Spend an afternoon strolling Providence’s scenic East Side. The main thoroughfare, Blackstone Boulevard, is three miles end to end and back.  First fortify yourself at Three Sisters, an ice cream paradise with daily specials. that in the past have included extravagances like maple brownie peanut butter. By the time you’ve walked that off, you’ll be ready for dinner. In keeping with Curt’s suggestion of breaking up a meal at different venues, hit Garden Grill, which specializes in vegan and vegetarian fare for light and delicious apps. Two doors down is Rasoi, an Indian restaurant where the food is “just off the charts,” he says. Finally, just paces away is Wildflour, which also offers vegan treats that Curt recommends even if you’re a full-on carnivore. 

In the Downtown area, Westminster Street is an historic strip that seems designed for wandering. Along the shop-lined corridor are must-sees like Symposium Books, which features records amid the bookshelves. Next door is Small Point Café, a spot where locals gather over espresso, soups, and sandwiches. Follow along to Arcade Providence. The oldest indoor shopping mall in the US, a national historic landmark, features only-in-Providence shops like the HP Lovecraft store, devoted to all things of the cultish cosmic fiction writer who called Providence home. Refuel—or relax-at New Harvest Coffee, a coffee roaster and whiskey bar.

If you stay through the evening, you’ll want to have dinner at Sura, a Japanese/Korean restaurants that’s popular among discerning yet budget-minded students. Finish up with a nightcap at The Eddy, a cocktail bar with a selection of classic and creative modern cocktails.


Chez Pascal: Though it’s a high-end restaurant, they have an option that won’t break the bank at Wurst Kitchen, a window in the front where, in the evenings, you can walk up and order some of the finest house-made wursts and hot dogs and slather them with amazing relishes.

Foo(d): AS220 is an arts space that serves as a lively hangout spot for creative types. It makes sense, then, that there’s an eatery here, too. The airy restaurant specializes in locavore fare designed to feed artists, Curt says, so you’ll find huge portions for the budget-friendly price of $10. Curt grabs an order of the popcorn-like crispy chickpeas ($2) a few days a week. 

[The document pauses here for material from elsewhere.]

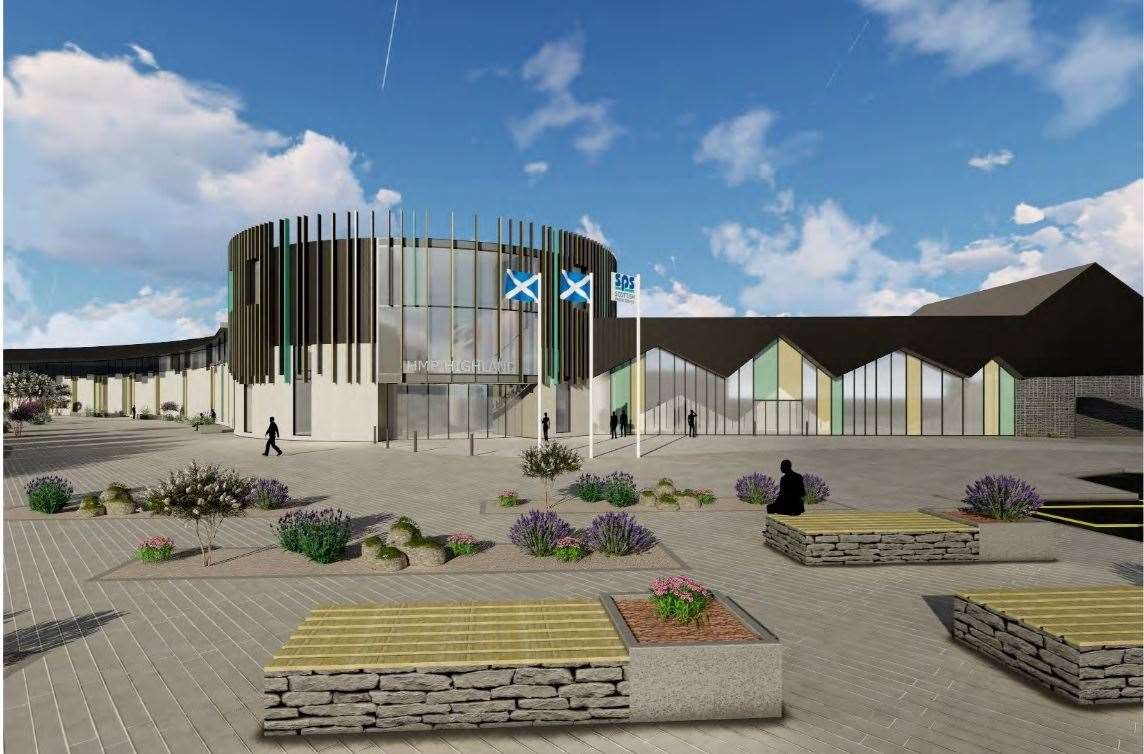A computer image of the new HMP Highland to be built near Inverness Centre retail park.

Despite it being one of the area’s top regional theaters, Trinity Rep offers $20 ticket deals for every show. Also, it’s affiliated with Brown University, which offers student performances for $5 to $10. But these are no scrappy affairs. “It’s like going seeing an actor before they were famous. You’ll catch actors that you’ll see for years to come," he says.

AS220 is a local favorite located between Brown and Trinity. To hear Curt talk of it, it’s “an un-juried and uncensored place for artists, from visual to performance art to music to slam poetry. There’s a ton of programming and rotating gallery exhibits in three downtown spaces. You’re absolutely seeing people as coming into their own.” It’s located near Swan Point Cemetery, a 200-acre garden cemetery home to HP Lovecraft’s resting place. 

Rhode Island School of Design has its own museum with collections that Curt says are nothing less than “awe-inspiring.” Unlike most museums, he explains, they curate paintings, furniture, home items, clothes, and costumes all in the same space. “You’ll have a Jackson Pollack next to a Corbusier chair next to a Nick Cave jacket. It’s just so interesting to see how all art is interconnected. Fashion is painting is theater is music. It’s all influenced the same way,” he marvels. Sit down and take it all in when you’re done at Bolt Coffee, the adjacent coffee shop with plenty of sandwich offerings.